What you have to do >> Look for the line containing "After Cezaro -Bronze" in the listing below; from there, output every line exactly, the last one included.

═════ Working data

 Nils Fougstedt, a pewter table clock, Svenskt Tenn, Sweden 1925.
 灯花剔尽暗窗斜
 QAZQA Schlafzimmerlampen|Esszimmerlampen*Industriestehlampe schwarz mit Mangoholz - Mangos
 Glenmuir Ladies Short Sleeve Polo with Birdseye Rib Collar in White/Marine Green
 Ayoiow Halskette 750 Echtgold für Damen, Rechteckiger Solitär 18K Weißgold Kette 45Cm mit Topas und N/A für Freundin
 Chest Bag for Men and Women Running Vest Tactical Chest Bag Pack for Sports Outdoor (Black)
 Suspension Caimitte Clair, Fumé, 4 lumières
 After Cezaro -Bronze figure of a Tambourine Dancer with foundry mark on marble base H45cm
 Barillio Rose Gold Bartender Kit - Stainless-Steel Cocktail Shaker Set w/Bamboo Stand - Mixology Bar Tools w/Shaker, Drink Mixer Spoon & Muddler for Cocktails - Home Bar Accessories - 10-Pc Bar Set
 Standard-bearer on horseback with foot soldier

══════════

Exercise output >>
 After Cezaro -Bronze figure of a Tambourine Dancer with foundry mark on marble base H45cm
 Barillio Rose Gold Bartender Kit - Stainless-Steel Cocktail Shaker Set w/Bamboo Stand - Mixology Bar Tools w/Shaker, Drink Mixer Spoon & Muddler for Cocktails - Home Bar Accessories - 10-Pc Bar Set
 Standard-bearer on horseback with foot soldier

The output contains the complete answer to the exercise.